La lluvia convocada o Transmigración de las piedras (sobre la creación poética)

La poesía es el arte de esperar; podría decirse. Pero esta ecuación, que en principio seduce, cae rápidamente desmentida por esta otra certeza: la mera espera es siempre infecunda o infeliz. Y entonces... El concepto de espera es válido pero hay que precisarlo. En el otro extremo de las disposiciones estéticas se halla el verbo forjar, que supone trabajo a destajo, fuerza férrea frente a la resistencia, hierro en la voluntad, materiales rebeldes, sudor, chispas y olor a galpón. Esta ética de la creación no parece ser madre de gran poesía. Ni forjar ni esperar. Y entonces... Que la poesía sea hija de la Inspiración supone una idea de Trascendencia.  Salvo que pongamos los nombres en minúscula, de modo que algo simplemente externo al poeta ilumine el acto creador. Esa idea es tan cierta como banal. Que algo que no es exactamente mi voluntad colabore en el acto creador es, hoy, tan ampliamente aceptado como descarnado y vacuo. También acá hacen falta algunas vueltas. Ni esperar ni forjar ni inspirarse. Y entonces...
     Voy a ayudarme con una imagen. Me gusta pensar la maquinaria poética como una mano que sin cesar tira piedras, cuya caída nunca se produce o al menos no es objeto de espera. Es una imagen ciertamente fantástica puesto que rompe las reglas de lo real. Pero insisto con la escena. La creación poética también desdice las lógicas más cotidianas. Una mano, entonces, que lanza piedras que no caen. Y la poesía dónde está. En otro lado, sin duda. Pero no ajena a esta rutina. Porque las piedras que no caen, no son piedras que se pierden. Y hay algo de mentira en decir que no son objetos de espera. El poeta simplemente espera la desfiguración de la piedra, su trasformación, su reencarnación en los casos más extremos. Por otro lado, nunca sabe de dónde vendrán ni cuándo ni cómo las piedras que no sin fingida indiferencia ha lanzado. Y entonces...
     La poesía es el arte de arrojar piedras como al descuido y esperar sin ansia pero con deseo que al fin nos llueva. Cuál es el contenido de la lluvia será en parte culpa de la piedra arrojada, será en parte culpa del tiempo de la espera, será la manera de arrojar, será la mano, será la intensidad, los modos, serán incluso los caprichos de la lluvia.
     Nunca se empieza un poema. Es que siempre ya se ha empezado. La datación es la de la escritura, no la de la concepción. La creación poética es un estado, no un fenómeno. El poetizar es una manera de estar en el mundo, una posición del cuerpo ante la experiencia, ante la existencia incluso. La forjación es previa y posterior a la revelación. La poesía ya está. El sudor es tan necesario como secundario. La voluntad y la pericia se someten a la lluvia que ya pasó. Después de la lluvia el tiempo es menos ansioso y más la patria de los relojes. El artesano trabaja la descendencia remota de las piedras que él mismo, cuando fue poeta, arrojó durante siglos. Antes y después la poesía es un arte de taller, de panadería, de galpón. Y otra cosa. Casi siempre la lluvia sabe dónde caer. Podrá de golpe llover a cántaros o venir en gotas. Lo que importa es la constancia, la insistencia, la falta de resignación de la mano. La fortuita o atinada puntería. Y la fe ciega de que algún día nos lloverá.  

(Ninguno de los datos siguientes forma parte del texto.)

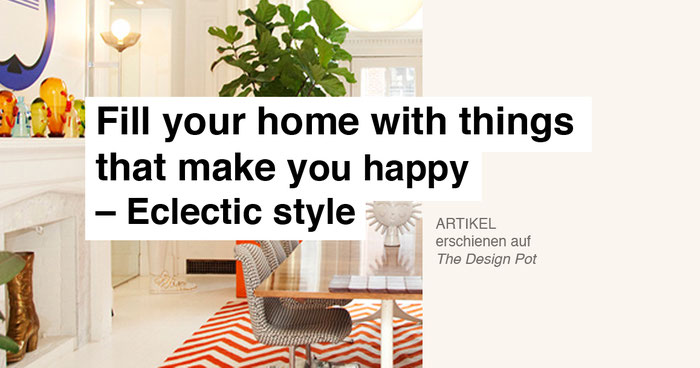Eklektizismus Artikel, Buero schwarze, Katharina Schwarze, The Design Pot, Journalistin, Berlin, Interior, Fill your home with things that make you happy.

domingo, 13 de marzo de 2011

La histeria de la palabra poética

Je suis caché et je ne le suis pas
(Arthur Rimbaud)


Las palabras nunca son lo mejor para estar desnudos
(Luis Alberto Spinetta)

Poesía eres tú
(Gustavo Adolfo Bécker)

Como buen maestro que fue, Freud recurrió a la metáfora. Dijo: la histérica es esencialmente dos cosas: puritana y puta. Pero todo a un tiempo. Supo ser más gráfico. La histérica usa ambas manos en simultáneo: con una se levanta la pollera, con la otra se cubre. De haberle dado la cronología, hubiera adjuntado la postal de Marilyn a su reveladora metáfora. Luis Alberto Spinetta también fue metafórico. Dijo inolvidablemente: “las palabras nunca son lo mejor para estar desnudos”. Nunca son lo mejor, pero aspiran a la desnudez. O, siguiendo la imagen de Freud, tienen vocación de putas, pero naturaleza de puritanas. Son, digamos, decentes a fuerza de no poder. La metáfora de la desnudez también la utilizó Tamara Kamenszain: “la poesía es un acto de nudismo”. Claro que fallido. Eso lo sabe ella hasta el cansancio.
     Una vez leí en algún lado un fallo sobre la poesía (con forma de definición) que revelaba: “la poesía es un dolor mal disimulado”. Esta, a diferencia, creo yo, de las anteriores, es ante todo, una toma de posición. Pero también creo que puede ser leída a la luz de la mayor parte de la poesía moderna. Un dolor que se disimula mal. Que se nota. Un dolor que se le ve. Como a Marilyn.
     Estas palabras reunidas, asociadas, me llevan a otra manera más (otra metáfora más) de pensar a la palabra poética. El comportamiento de la poesía es alta, incómodamente histérico. Y hay dos formas de pensarlo. Una histeria es inherente. Por más que quiera, las “palabras de este mundo”, al decir de Pizarnik, no llegan al mundo. Es una patología del lenguaje. Pero más que esa imposibilidad en la que han creído todos los grandes poetas modernos, o quizá por esa fe, la poesía, condicionada o no por su impotencia, se ha comportado histéricamente, redondeando, de Rimbaud para acá.
     Lúbrica y pura, como la luna de Lorca, la palabra muestra y tapa, se asoma y se esconde. Todo a una vez. Esta histeria de la poesía ha creado, como contraparte, un lector con paciente avidez. Al resto lo ha espantado o ha muerto, la poesía, en sus manos. Es un lector que se queda en la superficie (cuando aprende, goza allí) hasta que las palabras le abran un hueco para entrar y entender. El lector moderno casi nunca claudica, casi nunca deja de creer en un sentido, pero ha aprendido a (des)esperarlo. La lectura se hace sinuosa, desesperante. La sabiduría de las palabras está en la promesa, como buena histérica, en dejarse levantar la pollera, como Marilyn, para excitar la esperanza. La contrapartida, por supuesto, es la histeria del lector. Su deseo histérico. Que ya no acepta la prostitución ni la castidad por separadas. Espera a Venus cuando aparece Diana y a Diana cuando aparece Venus. Es el voyeur que espera durante horas que se deslice un bretel pero que no soporta la caída. No la perdona.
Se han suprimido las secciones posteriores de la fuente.